#### Work required:
Retyping should cover only the lines from the one containing "2024 salpa soleil" through the final line of the records, with pictures omitted.

*** Dataset extract ***

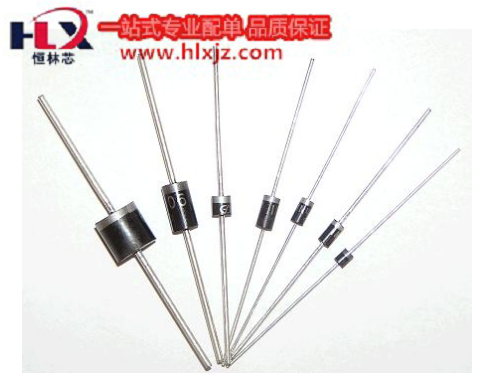 1N5399 IN5399 整流二极管 长脚1.5A/1000V 1000个在类目 3C数码配件, 电子元器件市场, 电子元件, 其它元器件中 - 来自Buy2taobao.com提供专业的淘宝代购服务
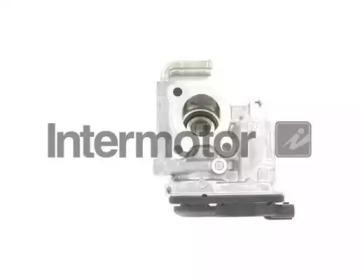 SMPE 14463 EGR valve SMPE 14463 EGR valve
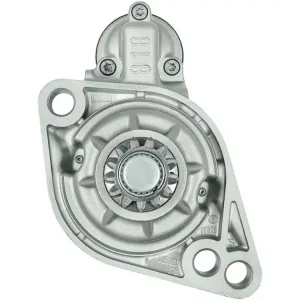 Łatwy zwrot Rozrusznik AS-PL S0282PR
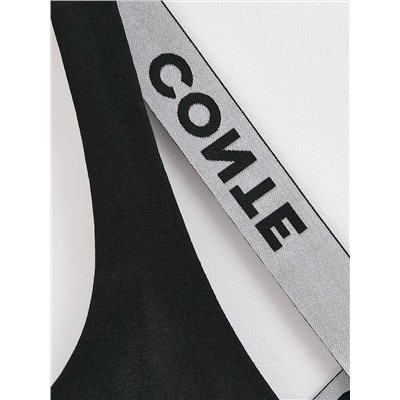 Conte elegant Бюстье COMFY LINE LBE 2989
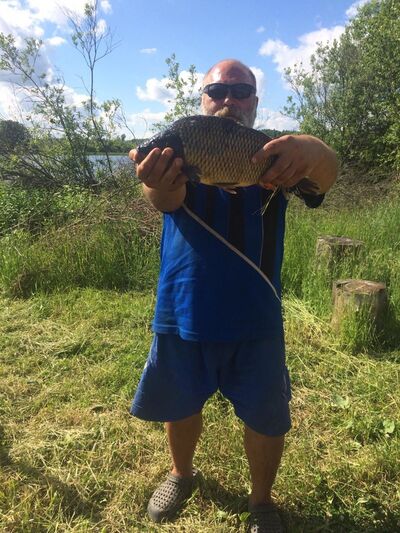  ,   , 55 ,   ,   , c , 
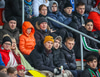 Fótbolti.net - Hafliði Breiðfjörð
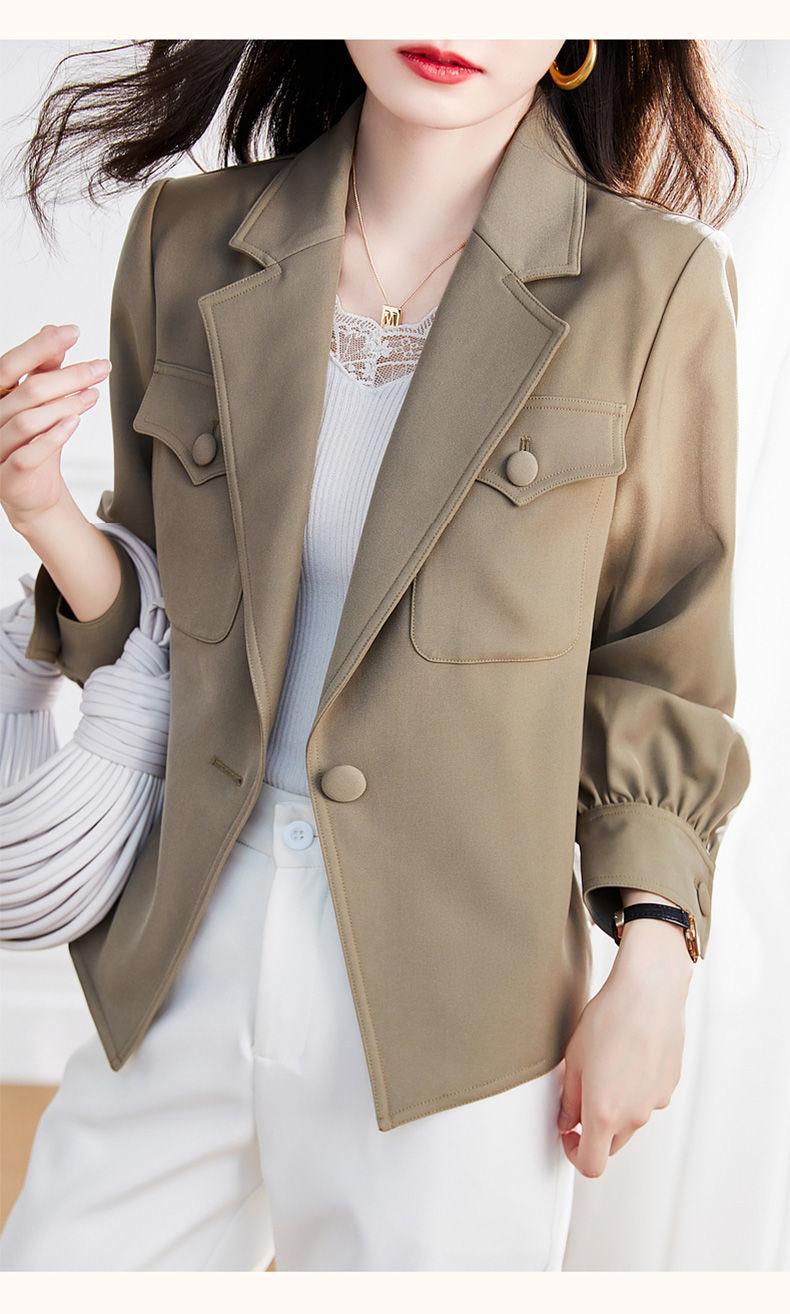 53fe65d4-b8ee-4113-b4fd-5dcdcfbebb63.jpe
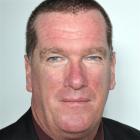 Peter Lyons.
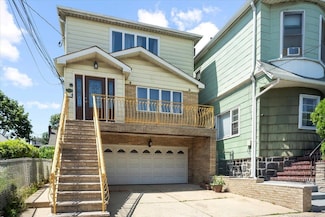 131 Shaler Ave, Fairview, NJ 07022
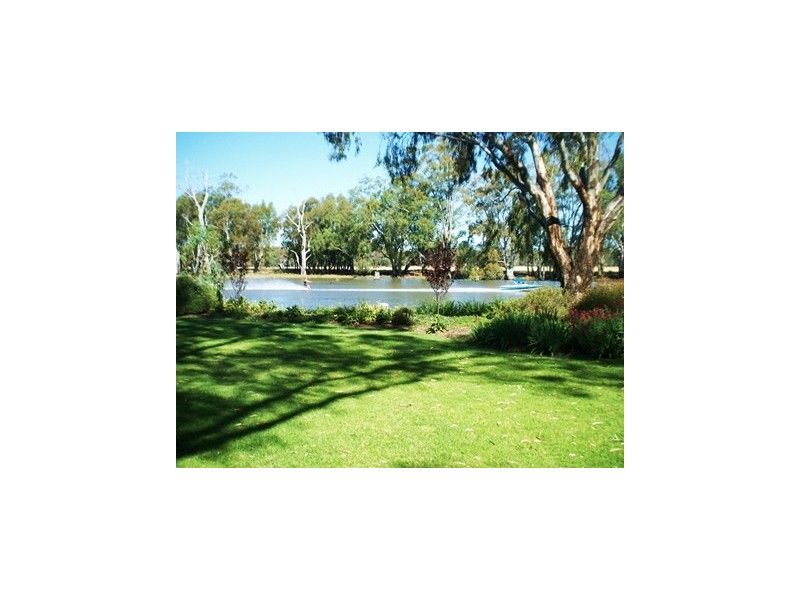 Lot 10 – 886 Old Wagga Road, Narrandera NSW 2700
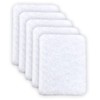 CPAP Infusion Aromatherapy Adapter Refill Pads for Essential Oils (20)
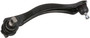 Suspension Control Arm and Ball Joint Assembly TC1233 - angled view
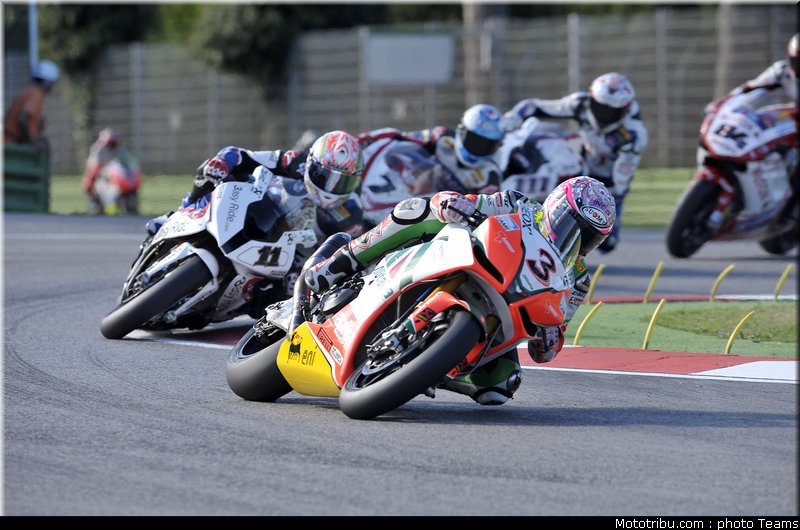 superbike_033_imola_2010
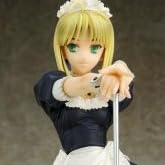 Fate/hollow ataraxia �����С� �ᥤ�� ver (1/6��������PVC�����Ѥߴ����ʡ�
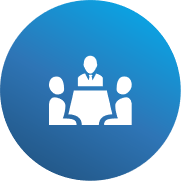 電子鉛封管理系統產品示意圖1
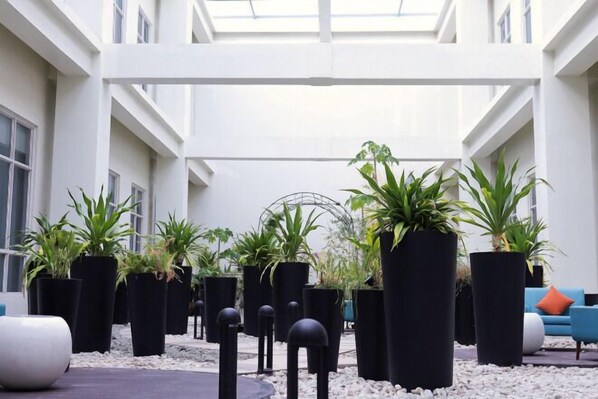 Exterior - Private Rooms in Historic Manila Chinatown (Manila)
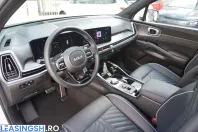Kia Sorento din 2024 cu 40.000 km - oferta KIA251260 - foto 8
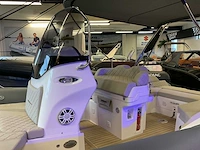 2024 salpa soleil 24.5 rib boot - afbeelding 31 van  34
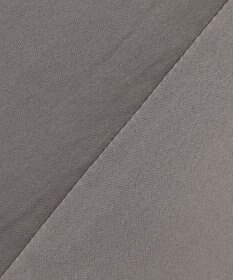 組曲 L マットサテンノーブルスカート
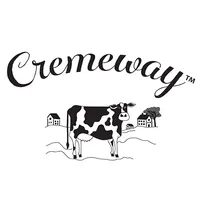 Cremeway icon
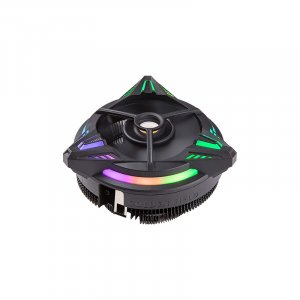 Golden Field T-Dragon CPU Universal Cooler 90W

*** End of Dataset extract ***

#### Task output:
 2024 salpa soleil 24.5 rib boot - afbeelding 31 van  34
 組曲 L マットサテンノーブルスカート
 Cremeway icon
 Golden Field T-Dragon CPU Universal Cooler 90W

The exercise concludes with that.